Ex manager di Huawei, colosso delle telecomunicazioni cinesi, tra le prime realtà di Pechino a scoprire l'Italia, Marco ha seguito la sua vocazione: occuparsi dei connazionali in Italia.
È tra i promotori di Associna, l'associazione che si occupa di dar voce alla comunità cinese nel nostro paese e alle seconde generazioni di immigrati. Dirige Its China, periodico che si autodefinisce di affari economia cultura e società cinesi, con sede a Prato.
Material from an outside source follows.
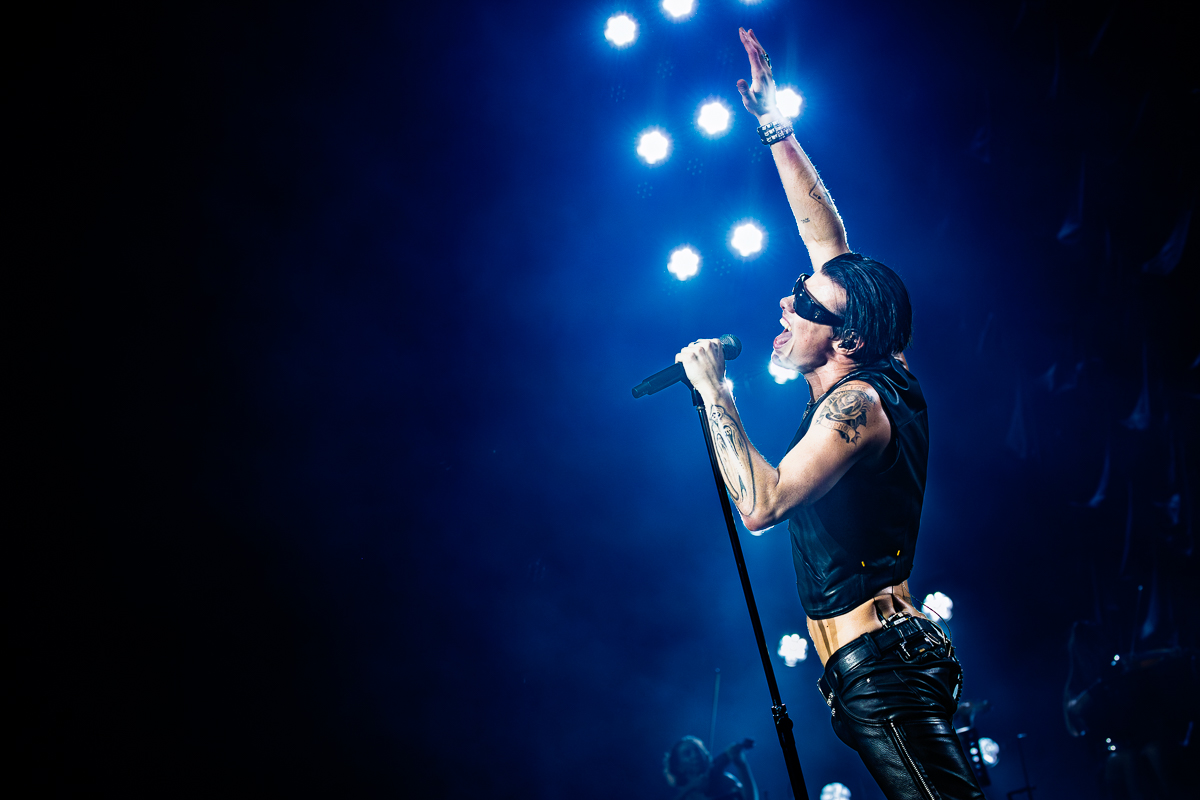 Yungblud @ Vorst Nationaal, picture 2, photographed by Dorien Goetschalckx - FrontView Magazine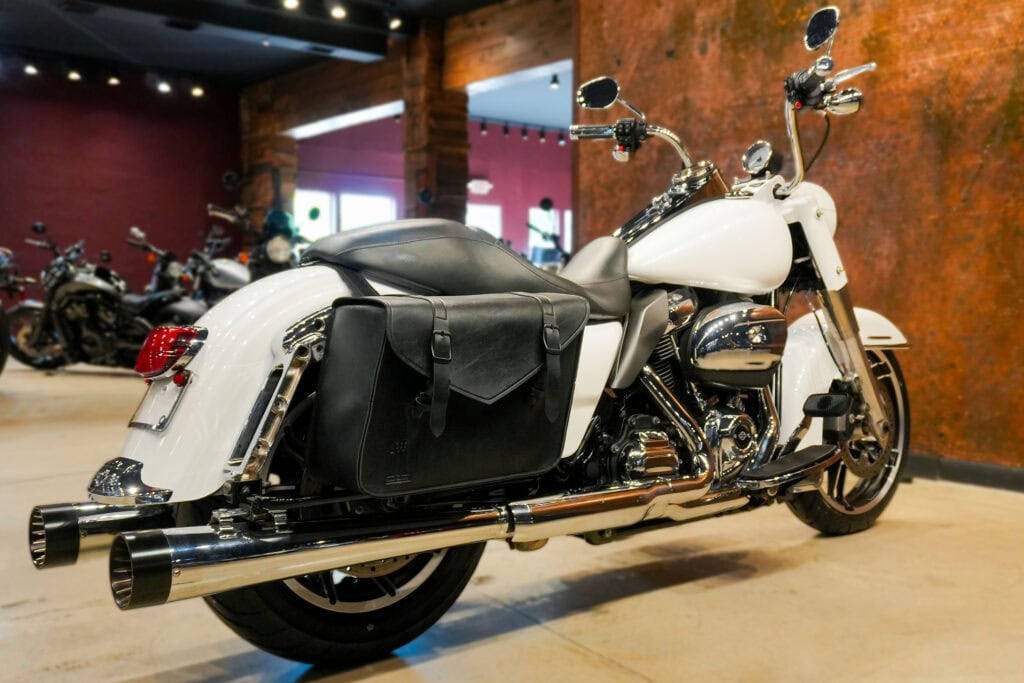 2021 HARLEY DAVIDSON ROAD KING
In che direzione si stanno muovendo le Chinatown? «C'è movimento, le nostre comunità sono, per natura, molto mobili – dice Wong – però sul versante economico quella romana è senz'altro più ampia per giro di affari, anche se non è detto che si tratti di quella più influente, anche perché è meno antica di quella milanese».
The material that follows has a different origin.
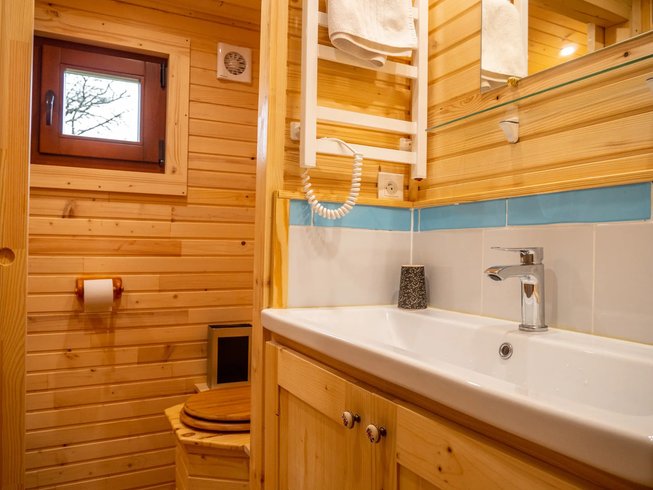 Hébergement AbracadaRoom : Roulotte Les Rouges-gorges — Cirque - Image 8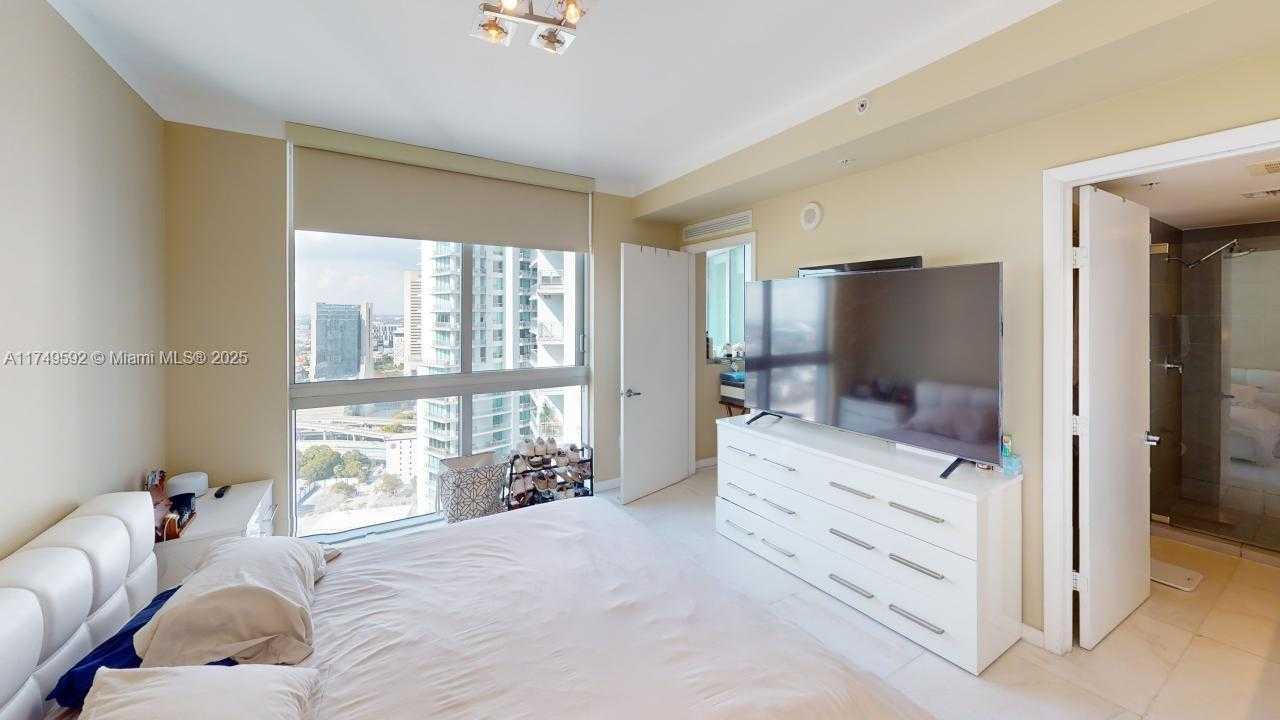 Small Image of 92 SOUTH WEST 3RD ST #3506, Miami Number 7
Molte risorse dalla capitale stanno per essere dirottate a Sud, secondo Marco Wang il vero motivo sta nella saturazione del mercato. «Bisogna partire dalla mentalità cinese. Se un business non va, si cerca subito di farlo andare, magari da qualche altra parte. Ha presente – chiede – quella catena di negozi "Tutto a mille lire"? Ebbene, a Roma il mercato sembra ormai essersi saturato. Per questo motivo la maggior parte di questa attività sembra transitare altrove». Certo non paiono prodotti di alto livello, quindi non si ha neanche l'impressione che si tratti di un giro d'affari imponente. «Dipende. Esiste una filiera – precisa – per cui c'è chi importa direttamente dalla Cina e di norma arriva su Roma e tutti gli altri che si ritrovano ad acquistare questi materiali di poco valore aggiunto da chi ha in mano le chiavi dell'import-export. Per cercare nuovi margini bisogna andare a cercare nuove nicchie».
Questo spiega anche la nascita di nuovi punti di "controllo" dei flussi? «Direi di sì. C'è l'esigenza di creare nuovi assi di smercio, senza troppi intermediari. In tal senso il Sud sembra essere la prossima meta obbligata».